Just a minute amount of sophisticated critical vulnerabilities – because of the nature of the target device manager skills and/or target device setup – carry cost in terms of detection, exposure of exploitation techniques and possibly some level of attribution, which are higher than average environmental interception.
Can new IT paradigms and certifications make a difference?
Maybe, let’s see.
On or more sets of new high-assurance IT paradigms and certification standards, that can support the creation of a wide, open and resilient ecosystsem that can:
- (A) build radically-more trustworthy IT services that are meaningfully and sustainably resistant to both critical vulnerabilities and state-sanctioned backdoors, mostly within current constitutional or legal frameworks;
- (B) seek ways to ensure that existing pubblic state-mandated backdoors, such as telephone lawful interception, be radically improved in their safeguards and oversight;
- (C) Explore ways in which provider-managed socio-technical systems, certified by competent and citizen-accountable independent – which possibly shift as much as possible the risk from technical to human organizational processes – could provide sufficient safegards for the citizen privacy and state security mandate for investigation.
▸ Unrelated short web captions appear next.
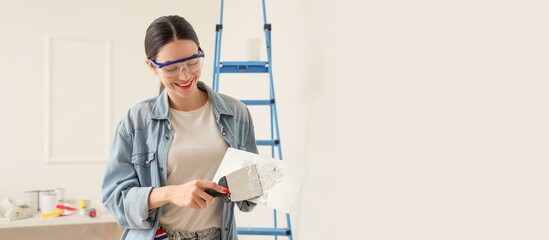 Young woman with putty knives in room. Banner for design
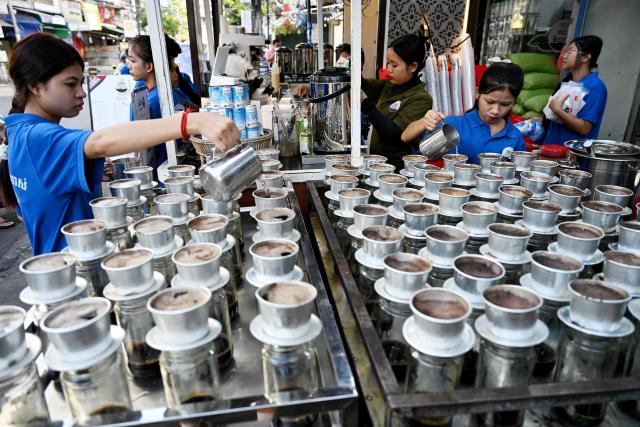 Workers pour hot water into coffee drip filters at a coffee stall in Phnom Penh on September 4, 2026. (Photo by TANG CHHIN Sothy / AFP)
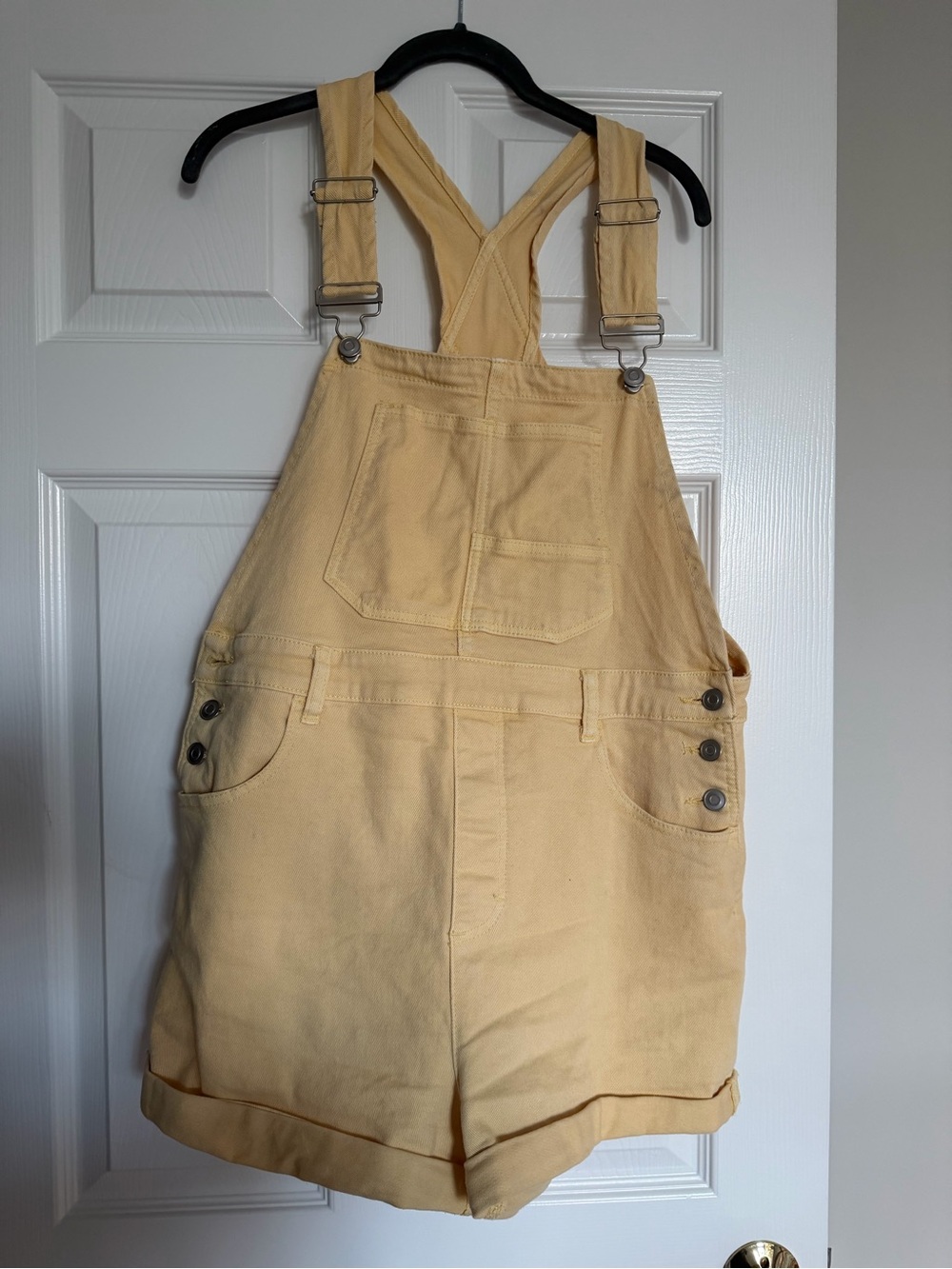 Altar'd State "Emara" denim shortalls in a beautiful, pastel butter yellow wash.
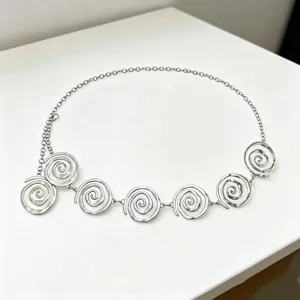 Silver metal waist chain featuring unique spiral circle design, trendy and chic accessory.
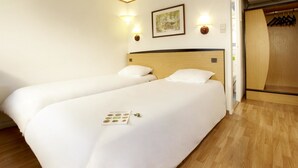 A hotel room with two beds, a wooden headboard, wall-mounted lights, a framed picture, and a wooden closet with hangers.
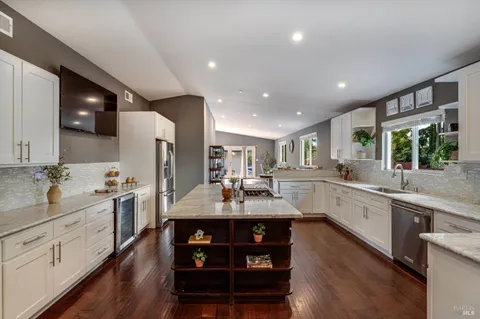 a large kitchen with stainless steel appliances kitchen island granite countertop a large stove a sink dishwasher and white cabinets with wooden floor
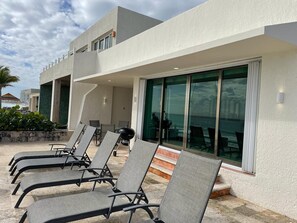 Ocean front Terrace with lounge beds.jpeg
However, over the last decades, states have repeatedly proven to be utterly incapable to either socio-technically design, legally manage, or issue proper standard requirements for socio-technical systems for due process lawful access. They have also been similarly unable to create voluntary or mandatory IT security standards, that were nearly sufficiently extreme and comprehensive.
Similarly, private initiatives such as Trusted Computing Group or Global Platform (trust services), have proven to align to the interests of the companies and of the states, and never of the liberties of the users, so long as no legal vendor liability for any large scale damage to such liberties, and noone else has been able to offer anything substantially more trustworthy.
So therefore, those standards will have to be primarily independent, international, highly-competent and citizen-accountable, and the role of the state can only be of official recognition of an already established and widely adopted standard, as it has happenend with the World Wide Web Consortium, but with wider user- or citizen-accountability to avoid having companies having too much control.